そんなメンバーの緊張を感じとってか、まずは市長が着物トークでなごませてくれました。 この着物は琳派生誕400年になぞらえて、風神雷神があしらわれています。何種類もの刺繍で見事に彩られた風神雷神は、ワンポイントながら存在感があり、みんな我先にと、即席の撮影会となりました(笑)
場も和んだところで、メンバーの自己紹介にはじまり、京都移住計画のきっかけやこれまでの取り組みについてお話をさせて頂きました。
そして一通りの説明を終えての市長の第一声。
門川市長(かどやん):
「桓武天皇以来やね、『京都に住もう』なんてことを言い出したのは。」
京都移住計画(京移):
「???(ポカーン)」
かどやん:
「京都のはじまりは、桓武天皇がこの地に平安京をつくったことですから。」
京移:「・・・・・!!!(その視点はなかったー!)」
冗談半分のなかにも、京都が歴史を受け継ぐまちということを、794年まで遡ってしまうあたりのスケール感は想像してませんでした(笑)

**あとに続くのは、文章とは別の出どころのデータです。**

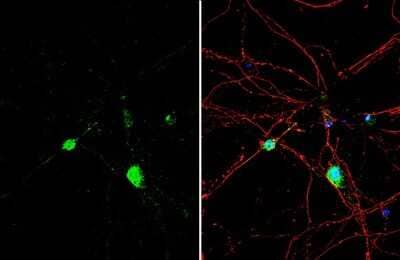 Immunocytochemistry/ Immunofluorescence Histamine Antibody
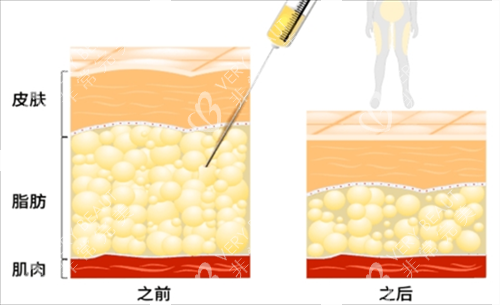 激光溶脂前后脂肪对比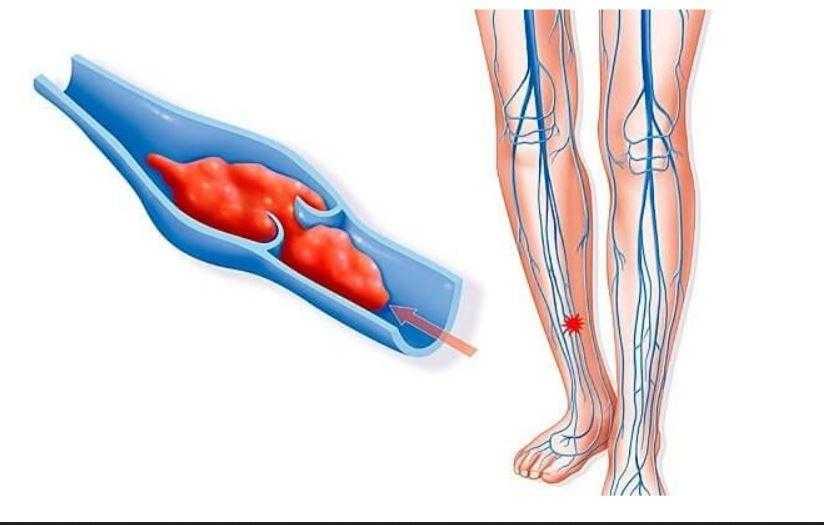 Тромбы в сосудах: врачи назвали начальные симптомы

そんな感じでスタートした市長と僕らとの対談は、時間を忘れる程に盛り上がりを見せていましたが、しっかりと一人一人の声に耳を傾けつつ、メモをとってもらっていたことが印象的でした。
簡単ですが、移住計画のメンバーが印象に残っていることをまとめてみました。
・実は京都は人口減少を一度経験している。明治天皇が、東京に引っ越しする際に、大幅に人口が激減に転じた。その当時の方々が、廃れしまう都への危機感から、ひとづくりに注力をした。
・ひとづくりの一貫として、教育に目を向け、政府が小学校制度をつくるより早く、自分たちで小学校を作ってしまった。そして当時は、釜戸の数に応じて寄付金を募り(釜戸の数のは、当時の裕福さをはかる尺度だったそう)、自分たちで小学校をつくった。

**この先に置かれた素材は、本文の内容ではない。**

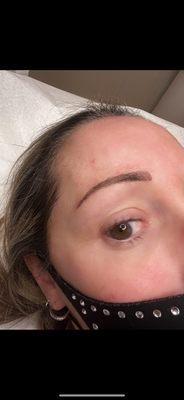 After Microblading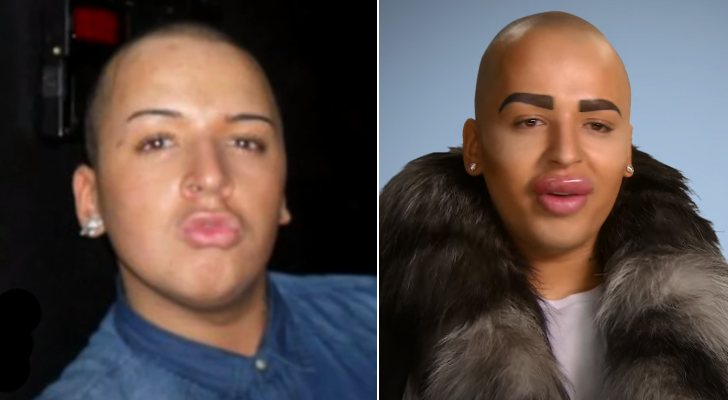 Jordan antes y después de sus operaciones en 'Chapuzas estéticas'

・京都市立芸大も、京都御所の中に設けられた日本で最初にできた画学校が起源。
・京都の有名企業の創業者は、京都出身者じゃないことが多い。オムロンの立石さん(熊本県出身)、京セラの稲森さん(鹿児島県出身)、ワコールの塚本さん(滋賀県出身)など。
・地域力とは、その地域に住む人たちの力だけをいうのではなく、地域力というのは、よそものを受け入れ、その人たちを地域に融合していく力のこと。
・京都(府)は、人口10万人当りの医師数が全国1位であったり、森林率が74%と全国平均を高く上回っているということ。

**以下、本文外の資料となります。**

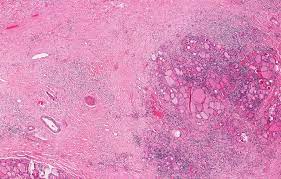 ¿Qué es la tiroiditis de Riedel?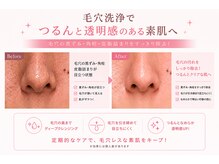 ブロン(Blanc)の雰囲気（男性にも人気！リピート97%毛穴洗浄でツルスベ肌）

・持続可能性というテーマやソーシャルビジネスに力を入れていく。
・ひとづくりと同時に、ものづくりへ、そして物語づくりも大事にしてきた。
歴史文化の視点にはじまり、京都のまちがどのようにできてきたのか、そしてどこへ向かおうとしているのか、といったお話からは歴史の深さだけでなく、他者を受け入れる懐の深さがありました。
そして、ものづくりの歴史も、他者を受け入れることで、革新を繰り返し、やがてはそれが伝統となり、物語がつくられていく。そういった脈々と受け継がれるものの“おかげさま”の上に、自分たちがあるということを感じました。
地域の一つの歴史を見守る責任がある人としての市長が、何を思っているのか?を知ることができ、また何を思ってこういう活動をしているのか?を知ってもらえたことは、これから何かを一緒にするかは分かりませんが、とても良い機会になりました。
そして「学校がないなら、つくろう!」という先人の志の高さやDIY精神に触れ、自分たちの在り方としてもそのような歴史の一端を担う活動になってゆくといいなぁと、そんなことを考える機会になりました。
最後になりましたが、門川市長はじめ、おむすびミーティングの会談のご準備を頂いた皆さま、貴重な機会を頂きまして、ありがとうございました!
自分たちと共にある京都の未来をつくってゆきたいと思います。